The Herald-News was established in 1873; it circulates in Passaic, Clifton, Garfield, Ridgefield and Lyndhurst; it has a daily circulation of approximately 51,000; it enjoys a virtual monopoly in the area which it serves as no other daily newspaper is published in that area; its average annual net earnings for the past five years approximates $183,000. Considering all of these factors, the nature of the business, its stability and the probability of continued future earnings, it seems to me that a multiplier of ten years is fair and reasonable. In re Moore's Estate , 161 N.Y. Supp. 142. The exception is overruled.

The trust indenture provides for compensation of the trustee. Paragraph 9 provides that the trustee shall be entitled to a commission of two per cent. upon the market value of the principal of the trust fund calculated as of the time of the termination of the trust. By agreement dated November 23, 1940, between plaintiff and its co-trustee in which the settlors joined, the co-trustee waived in favor of plaintiff his right to share in the commissions and it was agreed among them that the plaintiff was to receive all such commissions payable to the trustees. In this instrument plaintiff agreed that the termination compensation shall be in accordance with the provision of the trust indenture, reduced by such amount as shall have been paid as corpus commissions to the original trustee.

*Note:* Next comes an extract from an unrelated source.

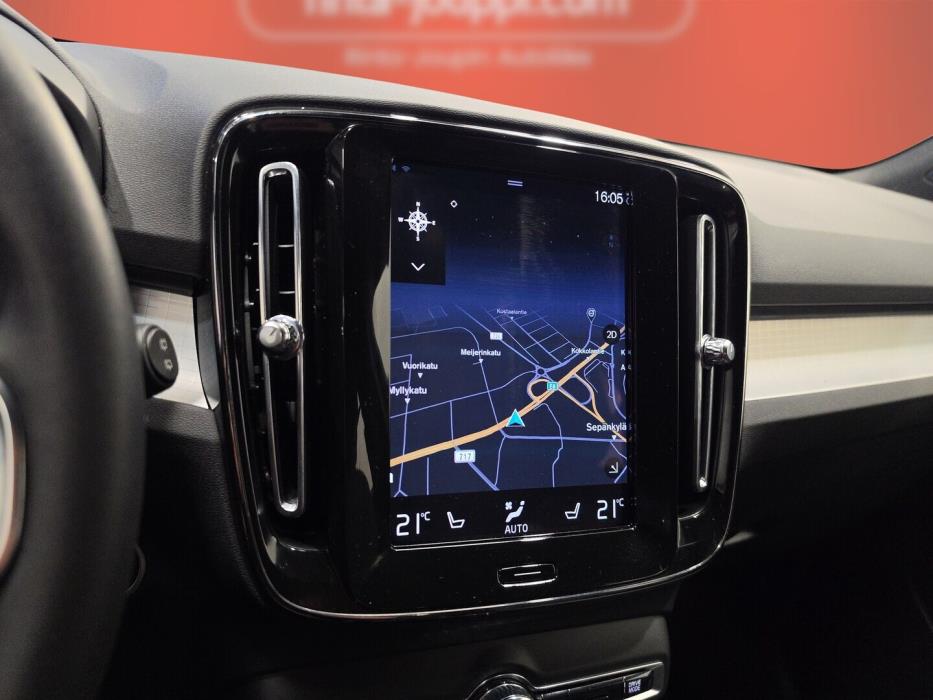 VOLVO XC40 2024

The commission so paid was the sum of $4,000. Plaintiff asks that it be allowed as compensation the sum of $20,000. It contends (1) that the words "to be paid upon the termination of the trust" means not only when the trust res is distributed to the beneficiaries but also when the relationship between the trustee and the trust is

[3 NJSuper Page 575]

ended; and (2) that presently the two per cent. provided for in the trust indenture is available for commissions. With its first contention in so far as its compensation is concerned, I agree. Haas v. Hudson County National Bank , 115 N.J. Eq. 311, 170 A. 611. I cannot agree with its second contention. I interpret the trust indenture as anticipating that two per cent. of the principal is to be the total commission to be paid for the whole period of the trust. Plaintiff by its agreement of November 23, 1940, agreed to be bound by the provisions of the trust indenture. These provisions control the court. Commercial Trust Co. of New Jersey v. Spiegelberg , 117 N.J. Eq. 171, 175 A. 164; affirmed, Commercial Trust Co. of New Jersey v. Mason , 119 N.J. Eq. 376, 182 A. 875. The commissions will be apportioned. Richard J. Mellman who is an actuarian, in his affidavit estimates the life expectancy of the last survivor of the life beneficiaries as of April 1, 1949, at 36.36 years. The probable duration of the trust will be 36.36 years plus the 20 years already elapsed, or approximately 56 years. The total commission based upon plaintiff's market value of the trust estate at two per cent. amounts to $31,510.65. Plaintiff has served as trustee since November 23, 1940 -- a period of eight and one-half years. It will be allowed commissions of $4,800.

Present judgment in accordance herewith.